The decision from the European Court of Human Rights said the passage of time did not erase Turkey's responsibility in the case, ruling that Turkey must pay 30 million euros in damages to relatives of those missing in the operations and 60 million euros for "the enclaved Greek-Cypriot residents of the Karpas peninsula."
Hundreds of Greek Cypriots still live in the Karpas peninsula in the northernmost tip of the breakaway Turkish Cypriot part of the island.
Cyprus has been divided since Turkey invaded in 1974 after a coup by supporters of union with Greece. Only Turkey recognizes the breakaway Turkish Cypriot state that was proclaimed in the north of the island.
The judgment comes as the Turkish and Greek Cypriot communities are making a new effort to reunite the island.

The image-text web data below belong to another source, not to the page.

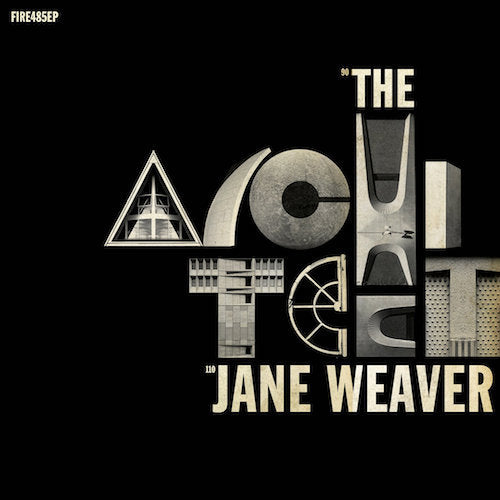 Jane Weaver - The Architect - 12" - FIRE - FIRE485EP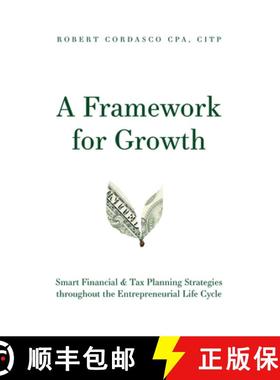 【3-4周达】A Framework for Growth : Smart Financial & Tax Planning Strategies throughout the Entrepre... [9781642251487]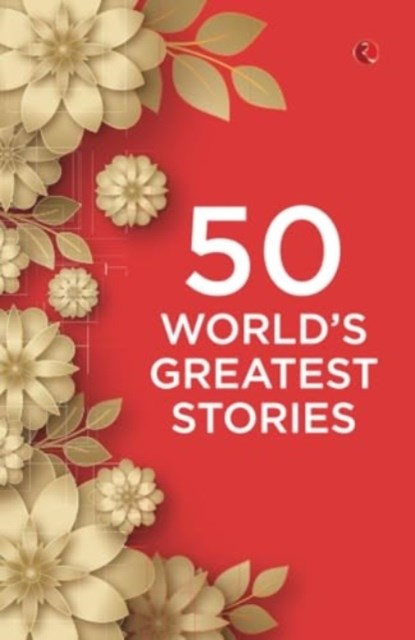50 World’s Greatest Stories, Rupa Publications India - Paperback - 9789361565601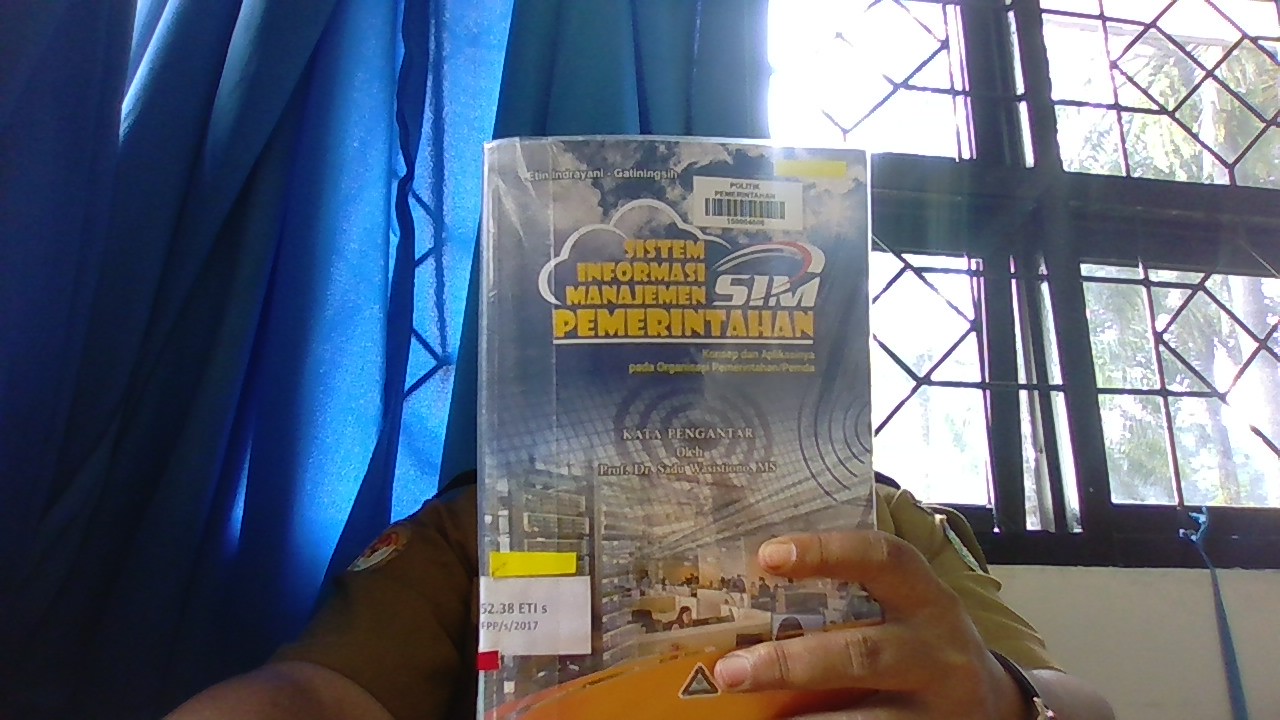 Cover SISTEM INFORMASI MANAJEMEN PEMERINTAHAN :  Konsep dan Aplikasinya pada Organisasi Pemerintahan/ Pemda / ETIN INDRAYANI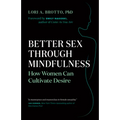 Better Sex Through Mindfulness: How Women Can Cultivate Desire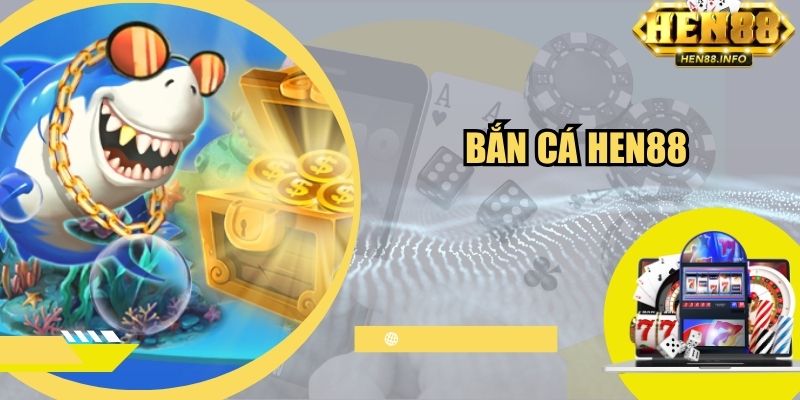 Bắn Cá Hen88 - Siêu Phẩm Giải Trí Ấn Tượng Nhất Trong Năm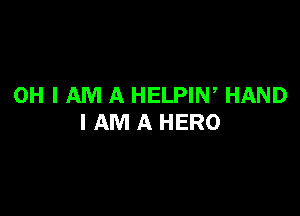 OH I AM A HELPIW HAND

I AM A HERO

Speaking ahead of the ruling on Monday, Turkish Foreign Minister Ahmet Davutoglu warned that a judgment against Turkey would come at a delicate time and said that he viewed it as "neither binding nor of any value."
"Not only is it legally problematic, its timing is wrong," Davutoglu said.
Turkey's Foreign Ministry said in a statement that the decision would not detract from Turkey's "determination" to reach a settlement.
Cyprus' government spokesman Nikos Christodoulides hailed the court's decision and called on Turkey to comply immediately.
"Despite the fact that the persecution and hardship that they have endured cannot be measured in money, the Cyprus government welcomes the fact that the court again condemns in this way Turkey's policy of violating the human rights of the enclaved," he said.
The court said it would be up to the government of Cyprus to determine how to award the damages. Turkey has not always complied with the court's rulings.